Karina recorda que já recebeu em seu consultório várias mulheres nessa situação, ou seja, pressionadas pelo que chamou de “marido-cidadão”. Uma delas, por exemplo, foi abandonada pelo ‘cônjuge’ semanas antes da entrevista na imigração – perdeu a chance do green card e ainda o dinheiro pago antecipado. “Nunca é demais frisar que o crime é cometido pelas duas partes, mas as mulheres ficam sempre mais vulneráveis, até porque não falam o idioma e perdem facilmente a auto-estima. Daí estão mais sujeitas à pressão psicológica”, explicou.

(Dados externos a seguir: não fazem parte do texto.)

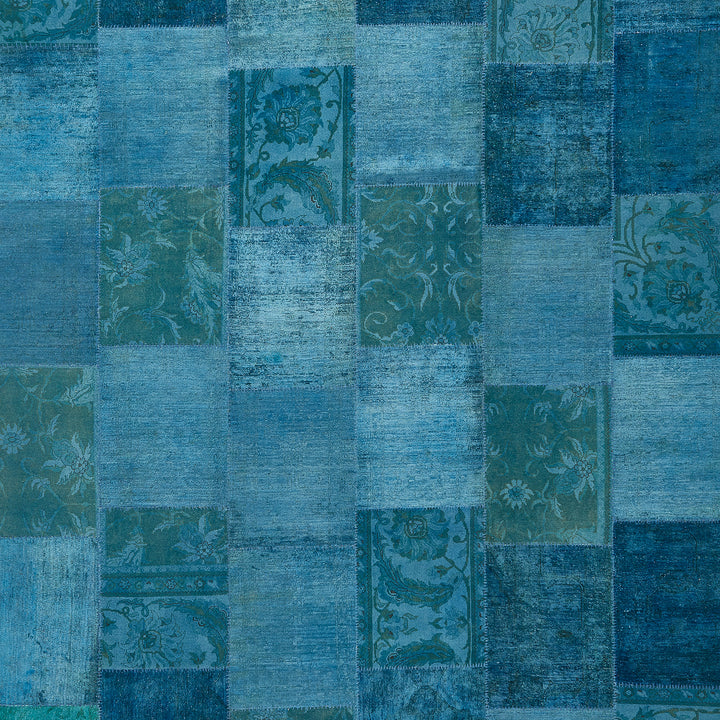 Blue patchwork textile with various patterns and distressed vintage look.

Apesar de rejeitar qualquer medida ilegal, Karina entende a atitude de quem busca essa saída: “Elas ficam entre a cruz e a espada, mas poderiam usar o dinheiro pago ao marido de aluguel para encontrar um recurso para a legalização”, sugeriu. Nesse ponto, o melhor a fazer é procurar um advogado especializado, que certamente apresentará o melhor caminho a ser seguido.

Suporte social

Mas… e para quem já se meteu nessa roubada?? “O fundamental é a mulher entender que não pode ficar isolada. Vale a pena procurar suporte social, seja com os amigos, ou numa igreja ou mesmo em centros comunitários, até para descobrir quais são os reais direitos nessas siuações”, ensina Karina. É isso que tem servido de suporte à carioca N.R., que está longe da família há mais de 10 anos. “Só estou agüentando a situação porque tenho o meu trabalho e muitos amigos, senão já tinha ido à loucura com tanta pressão”.

E ela, apesar dos problemas, ainda consegue manter o bom-humor: “Outro dia falei com a minha mãe pelo telefone e ela lembrou que, em maio, vou comemorar bodas de papel. Mal sabe ela que o casamento foi, na verdade, para conseguir o papel”.